I think that Natalie Diaz’s writing is the perfect illustration of what I incoherently tried to articulate: it would be outward ignorance not to notice the care and precision in the language; and while that is a rational choice, the level of intimacy in the same language cannot arise from pure rationality. Diaz knows she writes for a public, so she’s structuring her poems so as not to miss the chance to get the message across to whomever might read them, but each poem seems a whisper, both soft and rough, to herself and her lover.

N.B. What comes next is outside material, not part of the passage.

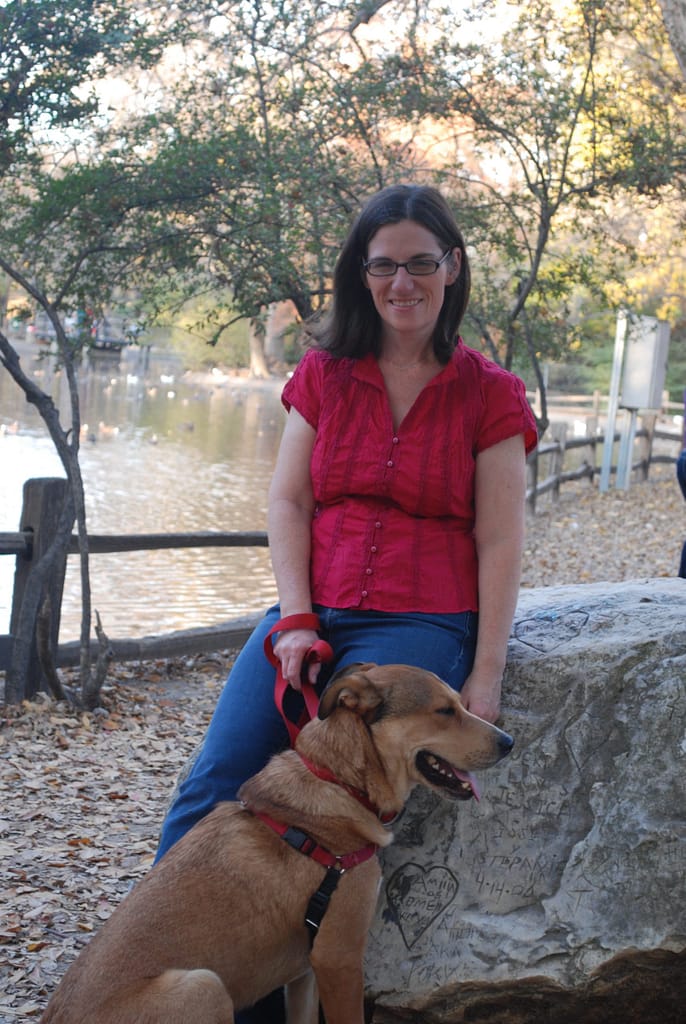 Photo of Beth Patton, fort worth massage therapist, with her dog, in front of a lake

The title of the book (which is also the name of the opening poem) is as clear as it could be. There is love after colonialism. The people we’ve tried to kill and successfully decimated, the people we still don’t allow to reclaim their identity, the people we prefer to ignore because it is much easier than repenting, these people are not only alive, but they love, they love strongly and passionately and seductively. Could you still love after you’ve been stripped of everything you had and were?

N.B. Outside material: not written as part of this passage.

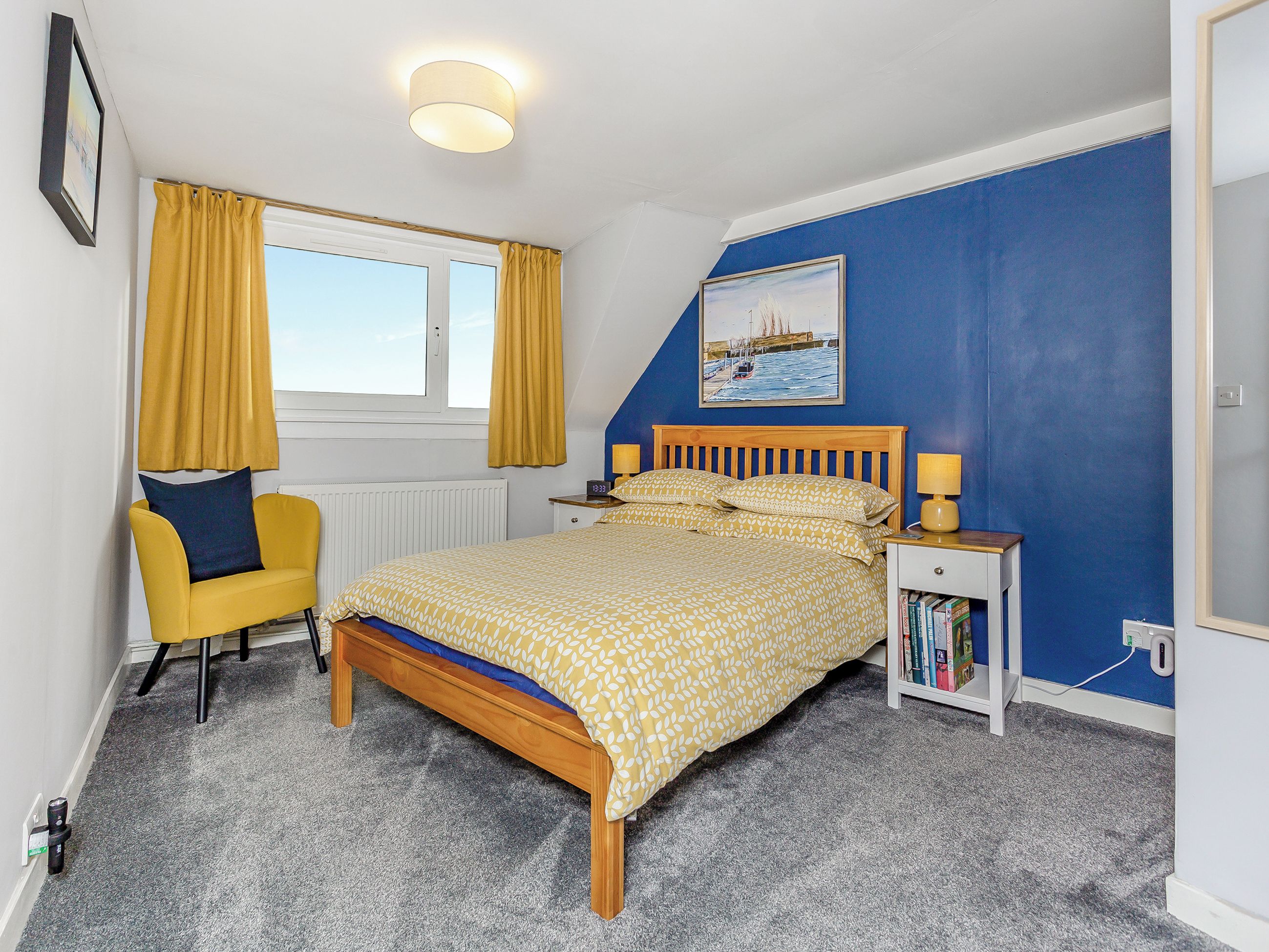 A bedroom with a bed, a chair, a nightstand, a lamp, a painting, and a window with curtains.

At the intersection of multiple identities – Native American, Mexican, queer – Natalie Diaz navigates her own complexity in her poems, the complexity of her being and her feelings. And those feelings, despite the title, are not just love nor should they be. A love poem can still be a love poem and express anger, frustration, desire, or worry. She knows that in order to love and be loved, you need to have a body. A body of flesh. A body of water. A body of land. The body is forever entangled with the physicality of the world it was shaped by, not only with its spirituality. Therefore, to keep your body, you need anger and power. Being sexually desired by your oppressor can never be enough. you need to be more than an object of desire or an award-winning athlete to avoid complete erasure. You need to be able to choose and to be asked for consent, need to be allowed to exist within yourself before your existence is defined with respect to a framework that never recognizes you. These are basic human rights, but somewhere along the line we forgot about their universality. Human rights are something everyone should be provided with, they say. And the saying is the only thing that could ever prove they hold that belief.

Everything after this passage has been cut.